Code is not a priority for them, especially for SDE interviews where the following are more important:

  • BQ: really more than 50% as a percentage (this student also prepared with 50% time in BQ)
  • How do you explain the program
  • Did you know that trade-off
  • Are you able to maintain logical clarity under pressure
  • Are you mature in your engineering thinking

After this process, his overall performance is more competitive than just "strong coding".

Linen is not difficult in the question is difficult, but difficult in the "expression to be professional, structure to be clear, trade-off to speak naturally.
This interview will hopefully help you get a feel for the real rhythm -not just coding, but engineering thinking.

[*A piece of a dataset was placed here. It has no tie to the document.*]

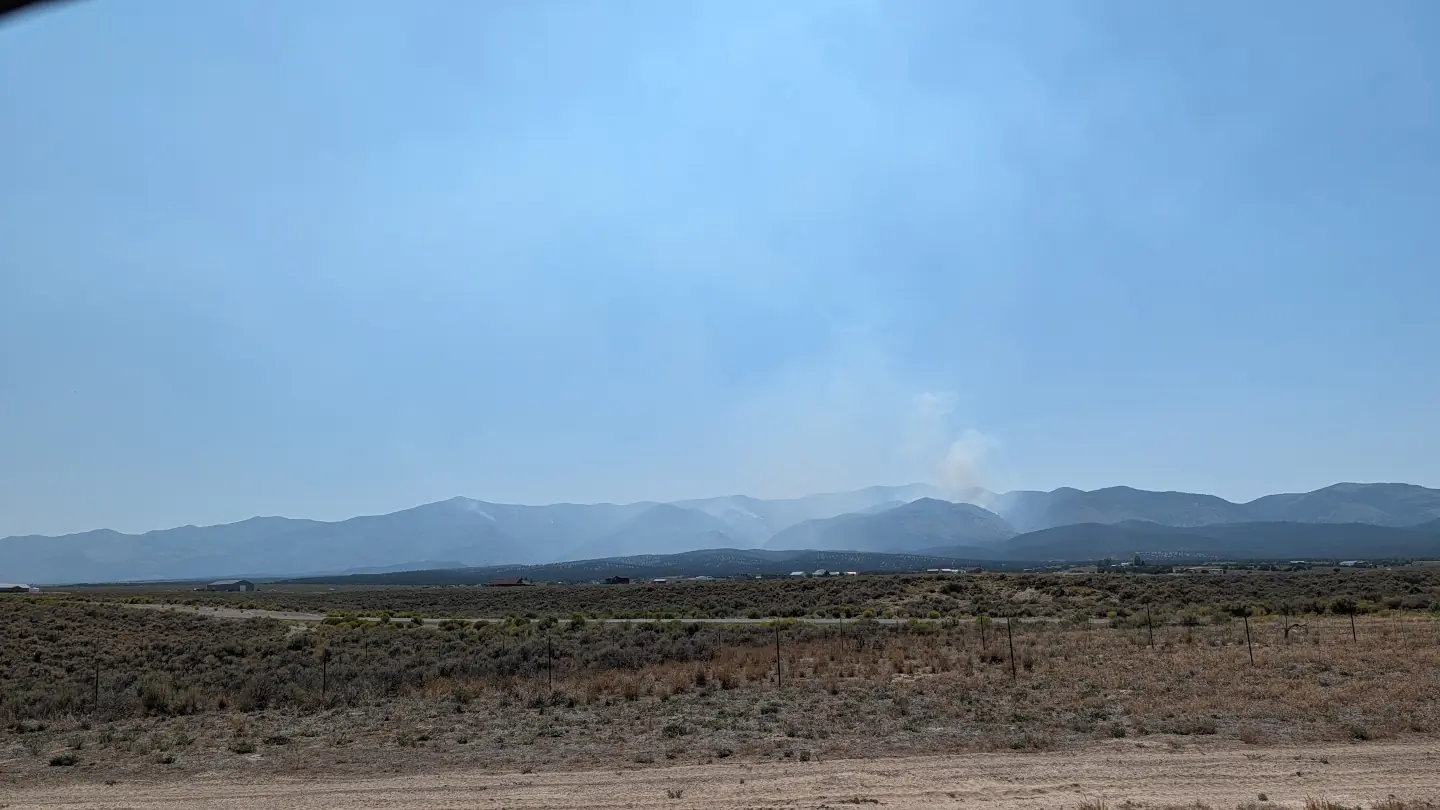 Le feu de forêt continue d'être actif dans les montagnes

Programhelp Coach's Perspective - The Unscripted Assist Experience

This time I assisted him to face Amazon and I gave the main one:

  • Full BQ training: Adjusting the story structure sentence by sentence to make the answer more Amazon style
  • Coding-assisted pacing reminders: when to explain, when to write, when to change solutions
  • System Design on-site trade-off assistance
  • speech implied assist: A word to wake up when stuck, without exposing or disrupting the rhythm
  • All content is untraceable and undetectable

Many students can actually write code, but in a communication-focused interview like Linen, it's easy to drop the ball on presentation.
What we do is to minimize the fluctuations in your performance, so that you can consistently play 100% strength.

If you are also preparing for Amazon, Meta, Google, Stripe, HFT, Finance companies, we have corresponding VO/OA high frequency question banks, customized simulations,the full range of unmarked assisted programs, feel free to come and talk to me about your background and I'll help you make a strategy of your own.